[math] Efficient polynomial multiplication
Hello all This is my first post to the mailing list. While looking at the source code for polynomial multiplication (boost/math/tools/polynomial.hpp) I discovered that the library used O(N^2) algorithm for multiplication. I would like to work on implementing a more efficient algorithm (complexity: O(N log(N))). I am writing this mail to get views and feedback from the community and have a healthy discussion before starting the work. Lakshay
Hello. At first please give us bencmark results, where NlogN is faster and where is slower.
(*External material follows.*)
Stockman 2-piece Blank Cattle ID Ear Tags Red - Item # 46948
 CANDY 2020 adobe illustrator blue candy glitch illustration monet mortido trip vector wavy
After that please write email to Boost.Math maintainer or create issue on Github Boost.Math repo. 13.07.2017 08:00, Lakshay Garg via Boost пишет:
Hello all
This is my first post to the mailing list.
While looking at the source code for polynomial multiplication (boost/math/tools/polynomial.hpp) I discovered that the library used O(N^2) algorithm for multiplication. I would like to work on implementing a more efficient algorithm (complexity: O(N log(N))).
I am writing this mail to get views and feedback from the community and have a healthy discussion before starting the work.
Lakshay
_______________________________________________ Unsubscribe & other changes: http://lists.boost.org/mailman/listinfo.cgi/boost
On 13/07/2017 06:00, Lakshay Garg via Boost wrote:
Hello all
This is my first post to the mailing list.
While looking at the source code for polynomial multiplication (boost/math/tools/polynomial.hpp) I discovered that the library used O(N^2) algorithm for multiplication. I would like to work on implementing a more efficient algorithm (complexity: O(N log(N))).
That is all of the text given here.